Back in 2002, an investigation into Amos Adamu – the then head of the Nigerian FA – revealed that he had tried to sell his vote in the World Cup bidding process. Adamu was a civil servant who nevertheless became a multi-millionaire, owning chains of hotels and restaurants and numerous properties. Where did he get his money from?
It has also been alleged that he ‘misappropriated’ an $800,000 grant from FIFA to use in the furtherance of the beautiful game in Nigeria. So how does a man of such dubious character become such an influential figure in African football?
A project to rebuild stadiums and create new football facilities was developed in Cameroon, with the national mobile phone company MTN footing $600,000 of the $800,000 bill. But the work was never completed, and most of the $600,000 remains unaccounted for – it was later revealed that Thierry Augustin Edzoa, the sports minister of Cameroon, had pocketed $146,000 of the fund.

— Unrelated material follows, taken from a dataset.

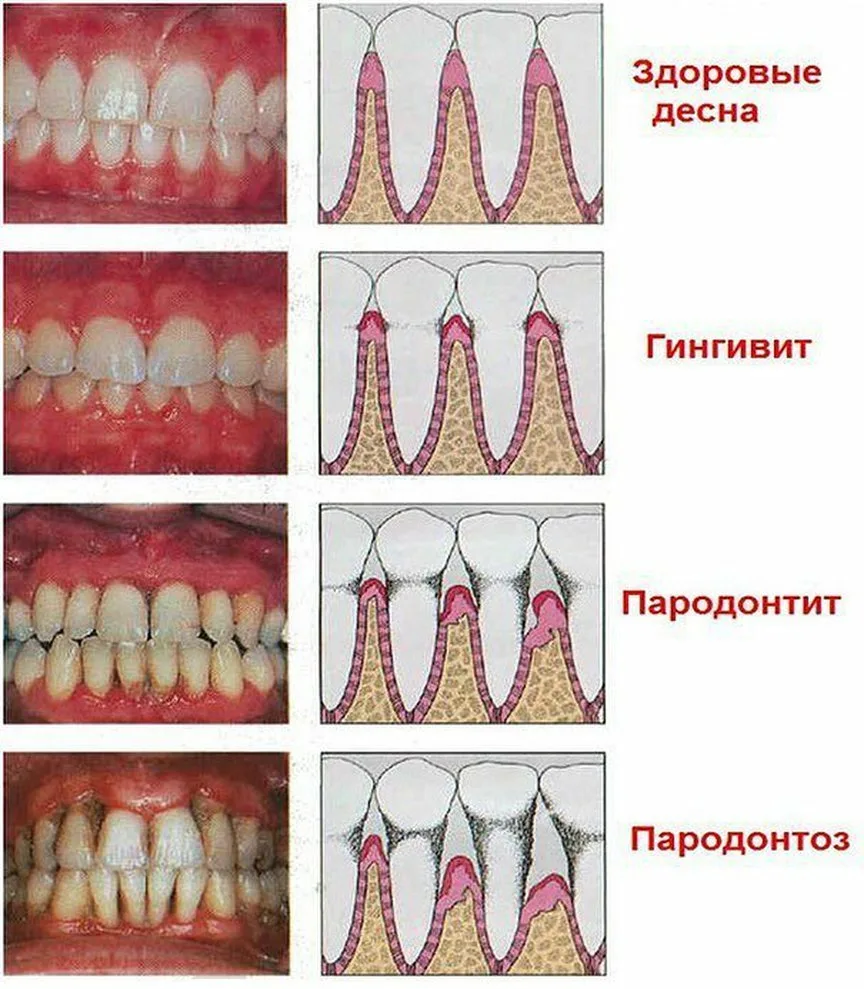 Воспаление десен: причины, лечение и профилактика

African nations welcome investment from all manner of overseas businesses looking to take advantage of opportunities in oil and gas refinement, agriculture, mining and telecoms, and it has been decided at a government level that a certain percentage must be reinvested back into sport. And yet, African football remains criminally underfunded, with much of the investment never finding its way into the game. Where does it all go?
A report by PWC, as outlined in the New York Times, revealed that $24 million in payments made by FIFA to CAF between 2015 and 2018 had not all been accounted. Some 40 transactions, which totalled more than $10 million, had no supporting documentation to confirm where the money had gone or who had received it.
And we could go on and on with dozens of similar examples. The bottom line is that until FIFA more forcibly takes over the running of African football confederations, individuals with nefarious intentions like Ahmad Ahmad will continue to climb the ladder and find their way into positions of power.
Until they are cut off at source, African football as a whole will continue to suffer.